Maclean’s: A re you also afraid that our genetic pool is being weakened?
Fortier: Yes, because now people survive who before would live only a few days or a few months. They grow up and they become able to reproduce themselves and they can give those defects to their own children. An example of this is pyloric stenosis. In a child with this defect, the muscle
that closes the opening of the stomach is hypertrophic [excessively large], so that the stomach is completely closed. When the child drinks, the stomach doesn’t empty. The child starts vomiting and dies very soon. We found that it is very easy to treat— you just cut the muscle, that’s all, and the child is cured. But what we didn’t know until recently is that it is an inherited trait so that this will be increasing by 12% every generation. You can foresee a time when almost every baby will be born with pyloric stenosis. Naturally, in a country like ours, we can say, “That’s nothing, we can look after this, it’s such a small operation,” but I don’t think this could apply to the whole world. In the Dominican Republic, one of their big problems is that they don’t have enough electricity.
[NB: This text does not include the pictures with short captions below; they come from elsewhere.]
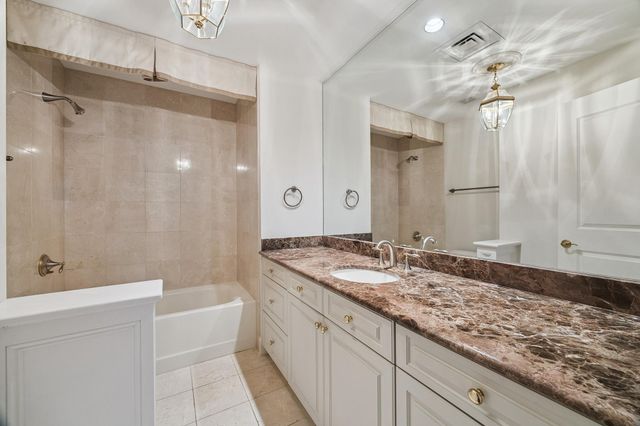 1100 Uptown Park Boulevard 102, Houston, TX 77056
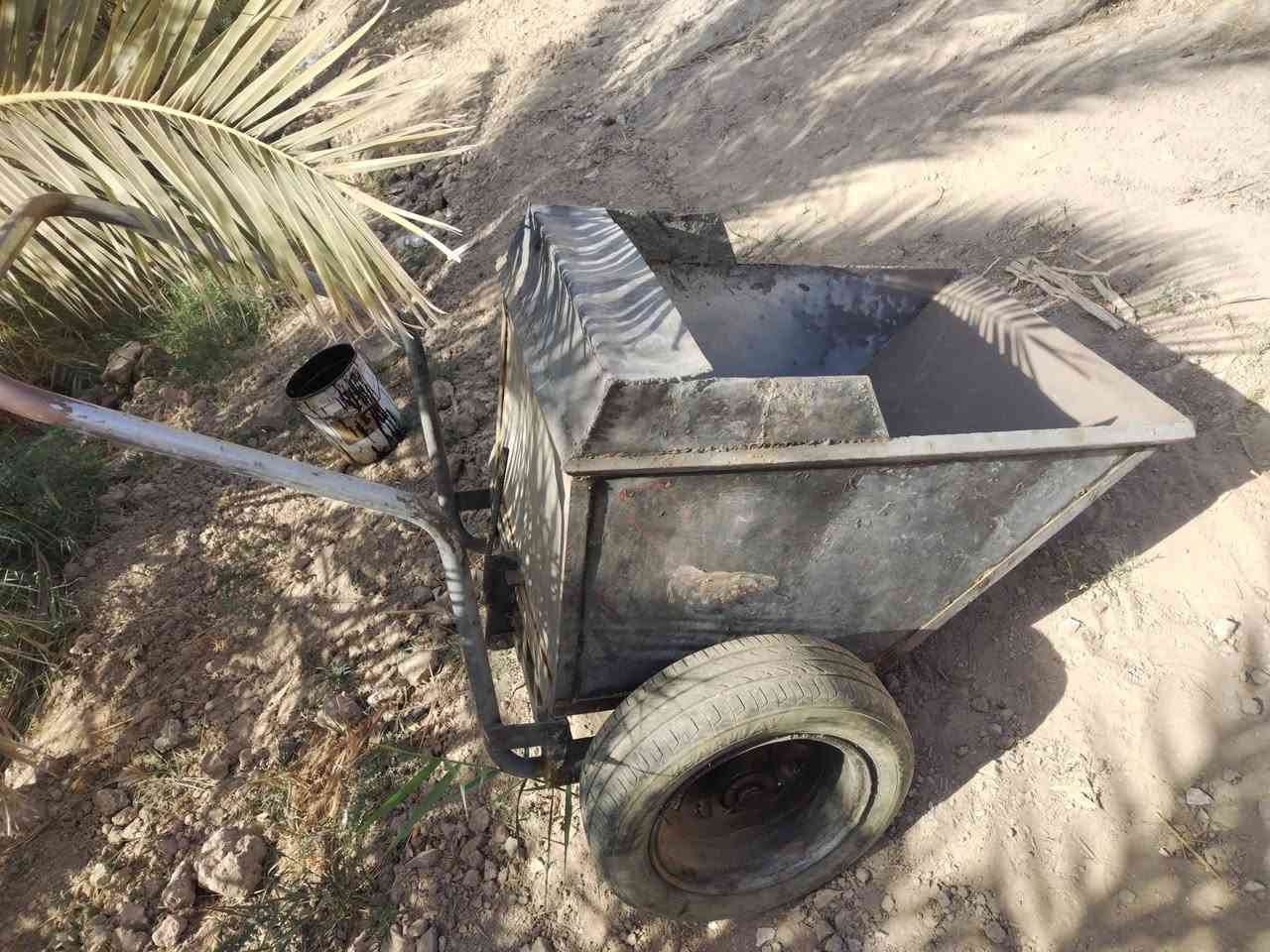 السلام عليكم خباطه للبيع نضيفه كلش محرك خير من الله وياها ٤ عرباين مواد و٣ أزواج دراب وعربانه صطح وسكله طابق ثالث جسر سنتر كامل منها للشغل الاستفسار على الرقم *********** والثاني ***********
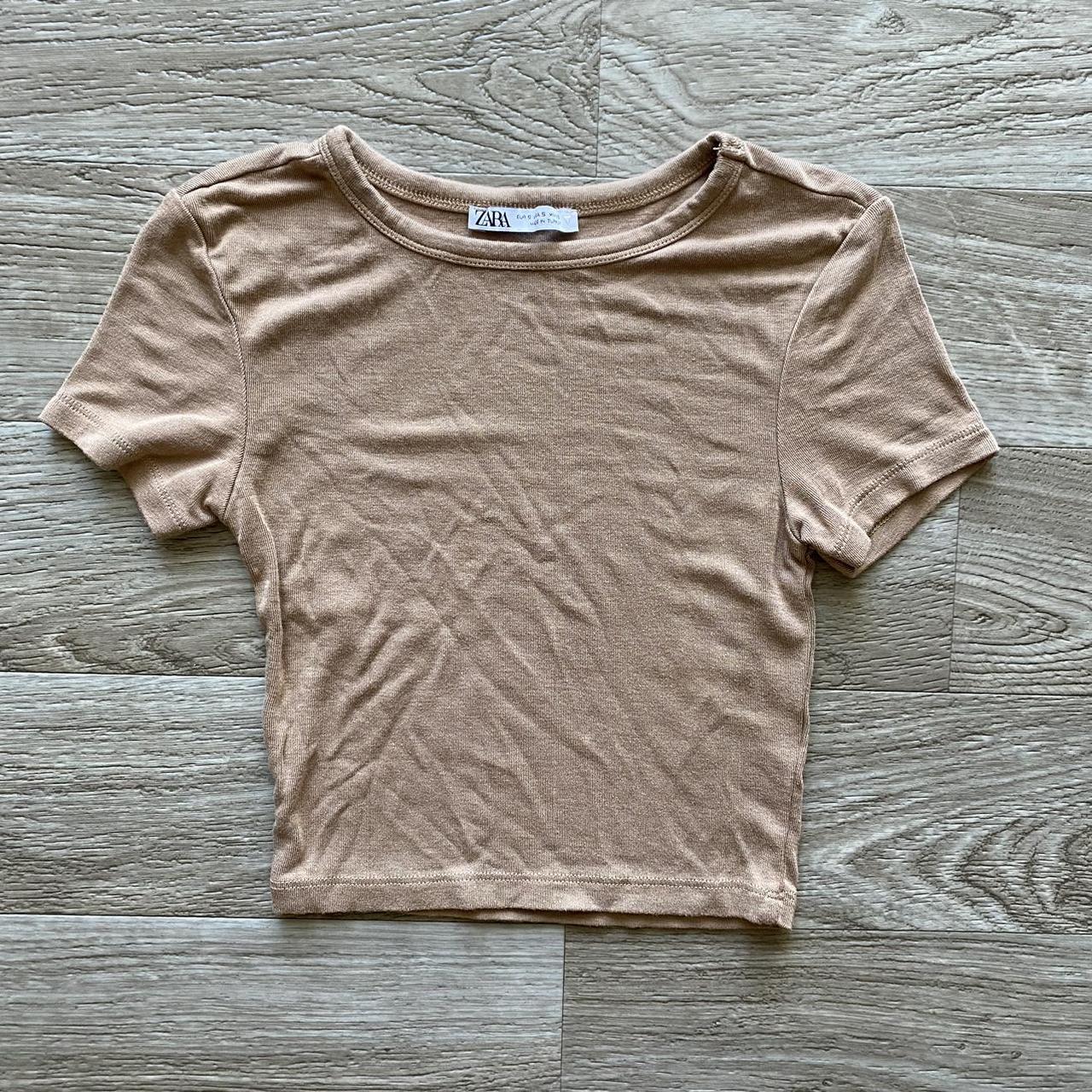 Zara Crop Top Simple tee to add to your wardrobe... - Depop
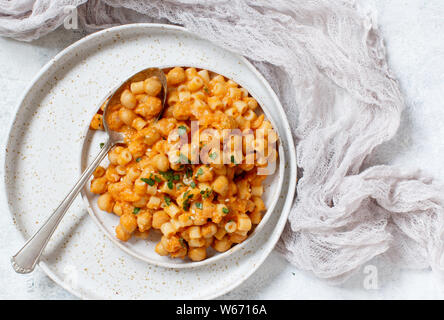 Ditalini Pasta mit Kichererbsen italienisches Rezept Top View Stockfoto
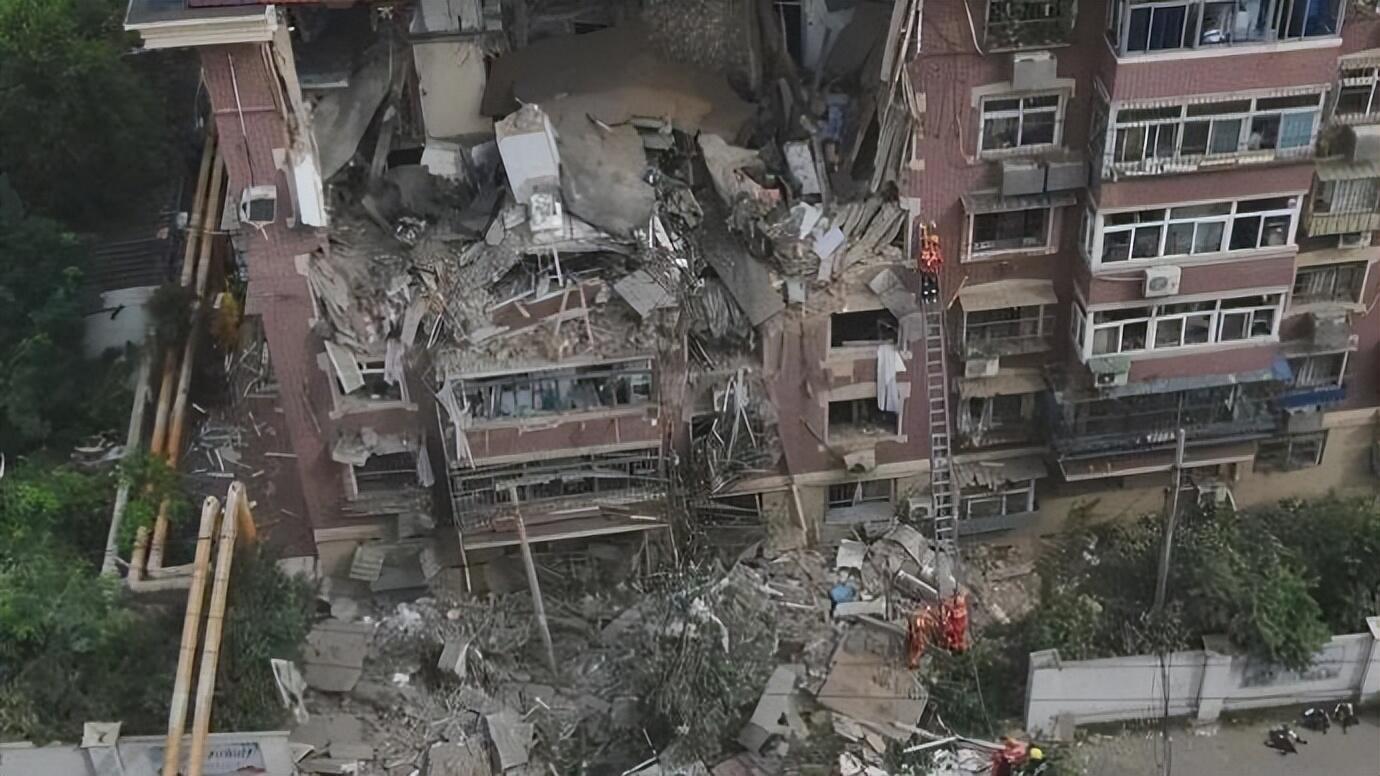 天津爆燃事故已致1死12伤是怎么回事，关于天津2015年爆炸事故的新消息。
The operating rooms sometimes don’t function because they don't have any electricity. Can you imagine that? Well, from what we hear now about the cost of energy we can foresee a world where we will have to curb our expenses in every way and I think that one way is to stop children with congenital defects from reproducing and another is to stop our fight to keep them alive. We keep them alive, but sometimes they just lead a very miserable life. For example, children with cystic fibrosis of the pancreas used to die in their first year of life. Now we keep them alive to age 21, 22 or 23. But in what way? They are tied to their hospital beds; they must always have oxygen and antibiotics or they choke and die. Why are we doing this?
Maclean’s: Are there other pitfalls of this kind in modern medicine?
Fortier: There certainly are. The worst scandal in my opinion is how we treat neurological defects like spina bifida. These children are born paralyzed and they are incontinent, but if you operate on them and you put a kind of a valve in their brain instead of dying they keep on living. Some of them are almost completely cured. But most of them will end up being able of mind, but completely paralyzed in their lower limbs, and incontinent. In England they have decided that these children should be in special schools; naturally they won’t be tolerated by other children since they are incontinent. But to look after all these cases they will have to build one special school a month in England for the next 25 years. At the moment they have something like three or four schools, so all the other children with spina bifida are left without the special care they really need. Why are we doing this? Why not let these children die instead of saving them for this kind of life?
Maclean’s: But many people will argue that these children deserve a chance to live. Fortier: This way? I agree with you that people deserve a chance to live, but living for living is not everything. You must consider the quality of life that we will give them. Children have the right to live in a normal way, in a happy way and a healthy way, but not as handicapped as this. ??
WE CAN KEEP CHILDREN ALIVE TODAY WHO ONCE WOULD HAVE DIED. BUT SHOULD WE?